Smart phones are ubiquitous today, and every modern smart phone includes a camera feature. Most people therefore usually have a camera within arm's reach to quickly and easily take a photograph, which is referred to herein as a digital image. At the same time, people are motivated to obtain more digital images because opportunities to share them have increased, such as through sending texts and making social media posts. Consequently, more digital images are produced than ever before.
As smart phones have evolved in recent years, the camera features have provided digital images with an increasingly higher quality appearance. Nevertheless, some digital images still present an unsatisfactory appearance. For example, a portion of a desired subject of a digital image may be blurry or obscured by a foreground object. Fortunately, digital images can be modified to ameliorate an unsatisfactory visual aspect using an imaging application, such as a photo editing program.

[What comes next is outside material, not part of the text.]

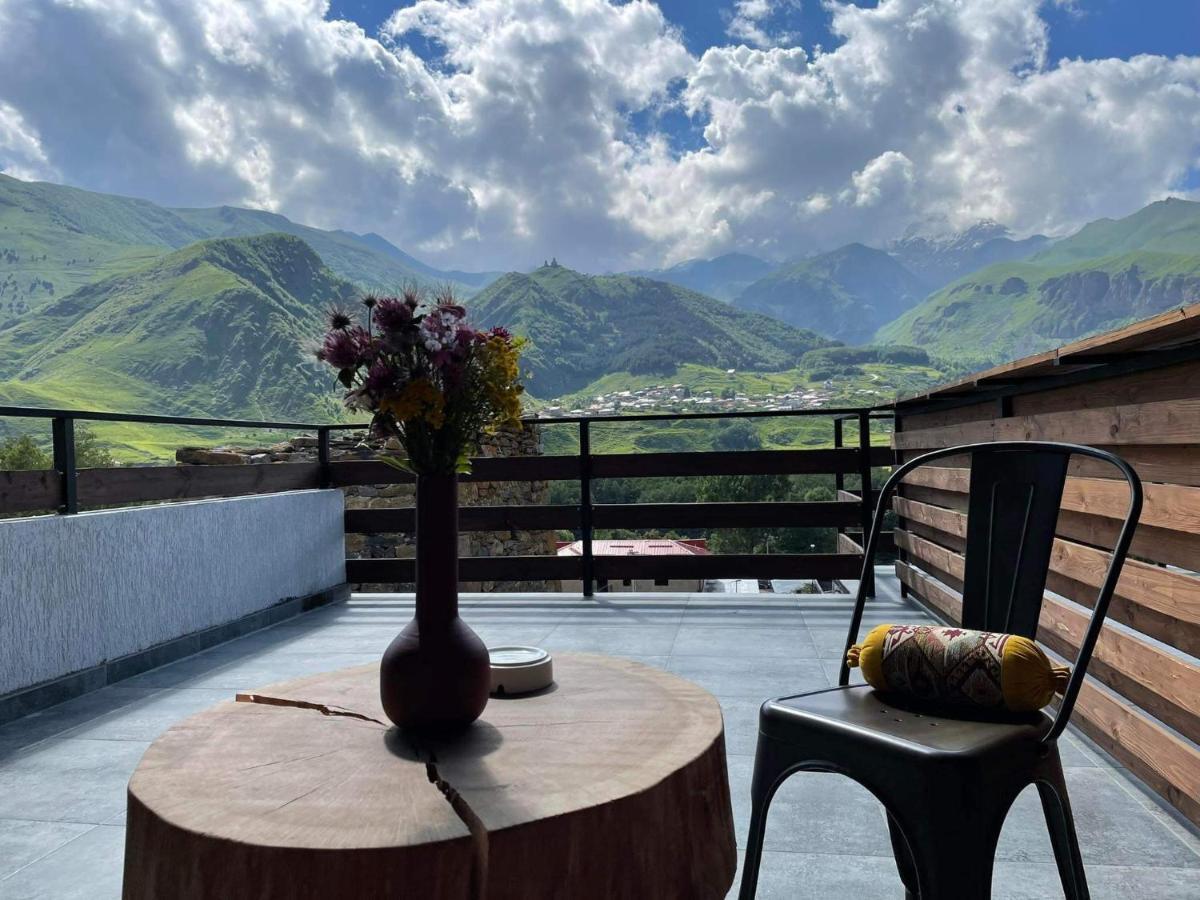 Capra Hotel Kazbegi Eksteriør billede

An imaging application can modify a digital image, which is referred to herein as an image, based partially on manual direction or solely automatically. Generally, the more additional information about the image that the imaging application can obtain, the more likely an image modification can be performed automatically without manual direction. Further, additional information about the image can enable a higher quality image to result from the image modification. Additional information about an image can be intrinsic to the image or extrinsic to the image.

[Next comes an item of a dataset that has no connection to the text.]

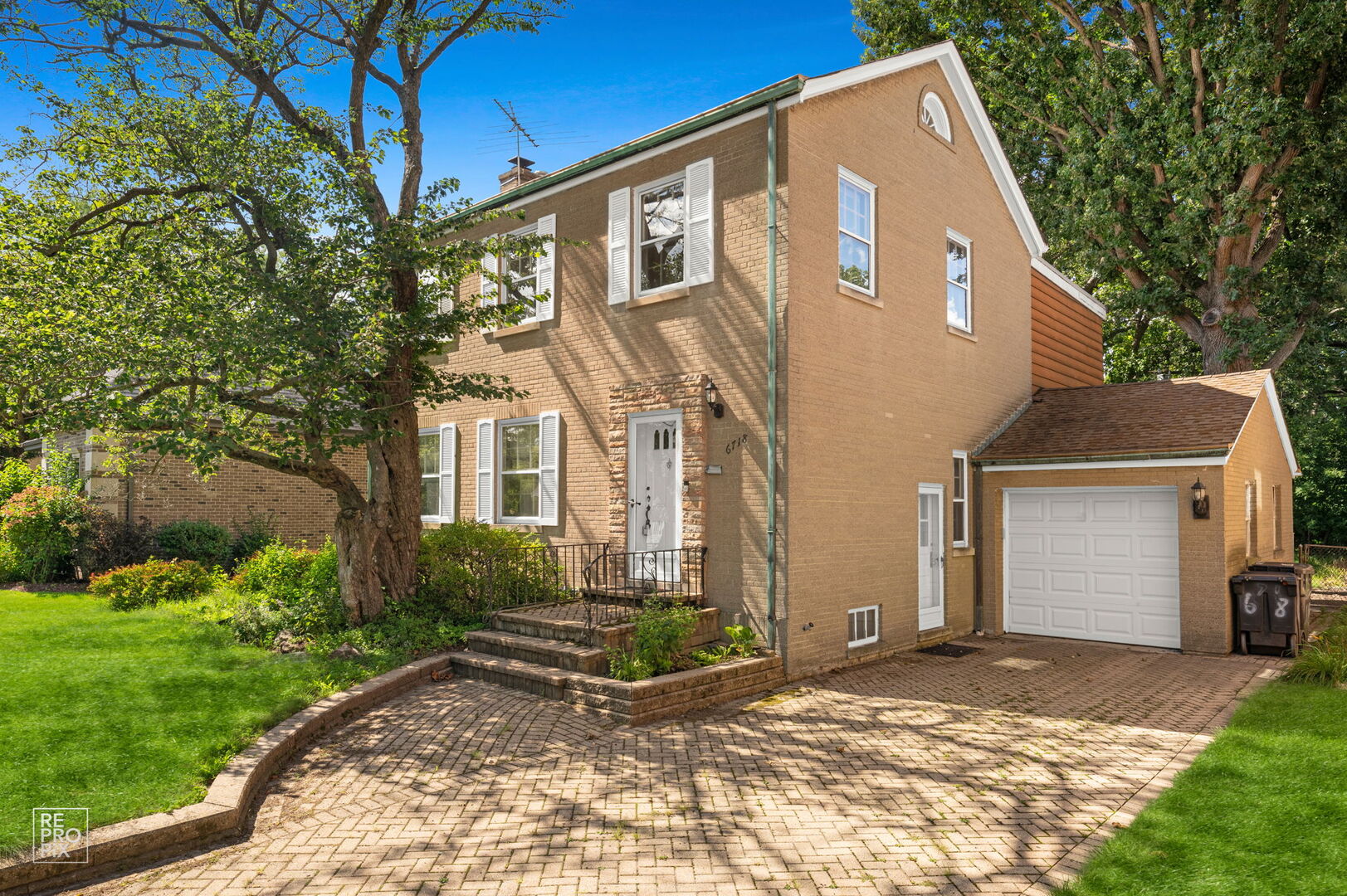 6718 N Jean Avenue, Chicago, IL 60646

An example of intrinsic additional information about an image is a symmetry that is present within the image. Symmetries occur all around us. Both natural organisms, such as plants, animals, inanimate objects, and even the human body, and person-made structures exhibit symmetries in shape, texture, or form. These symmetries result in repetitive visual patterns that play a vital role in the human perception of images. Symmetric repetitions of image patterns can therefore be used as high-level constraints for an underlying image manipulation algorithm to provide some type of enhancement to an image.

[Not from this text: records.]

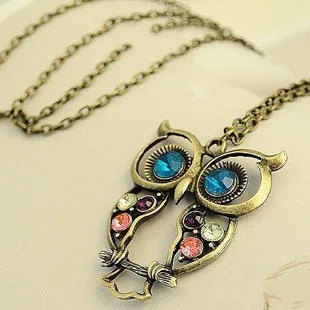 

2017 Hot Women Sweater Coat Necklace Crystal Big Blue Eyed Owl Long Chain Pendant Necklace Women Jewelry Accessory Wholesale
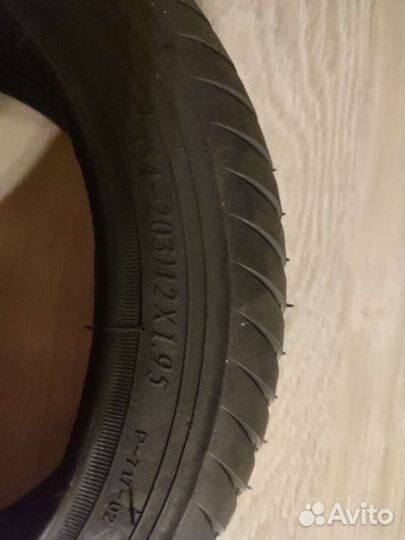 Новая покрышка на 12,Велозамок 2 шт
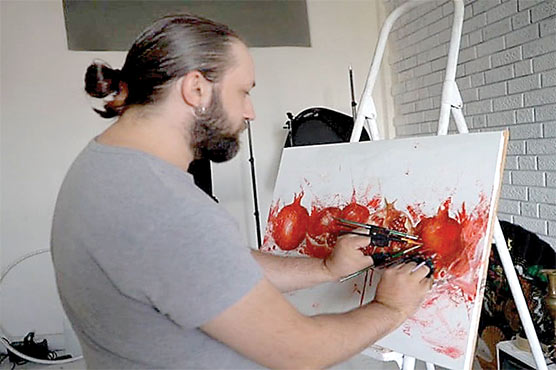  پینٹنگ کیلئے 10 برش ایک ساتھ استعمال کرنے والا مصور 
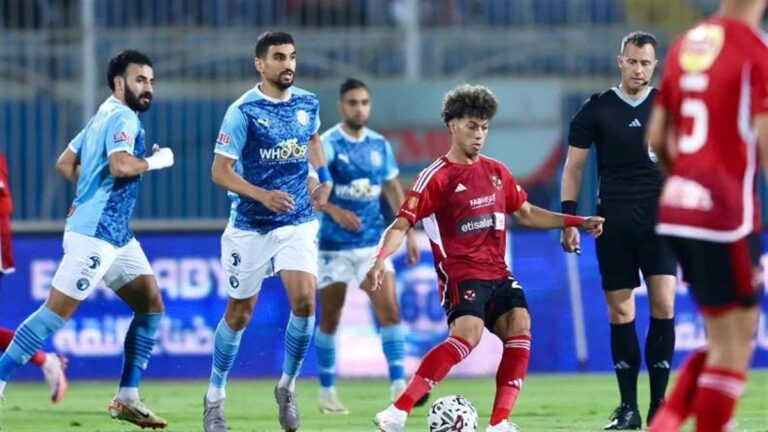 تعرف على توقيت مواجهة الأهلي ضد بيراميدز في قمة الدوري المصري الممتاز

To use symmetrically-repeated visual patterns to facilitate manipulation of an image, the symmetries are first discovered within the image. Unfortunately, conventional automated schemes for symmetry detection are limited to only a certain kind of symmetry or a symmetry under a certain condition, such as the absence of perspective distortion. Consequently, conventional approaches to using symmetry for image manipulation rely on human direction to specify a symmetry within the image, or conventional approaches fail to utilize each kind of symmetry that is present within the image. Thus, the former manual option thrusts tedious and repetitive work on an end-user, and the latter automated option produces visually poor results from the image manipulation.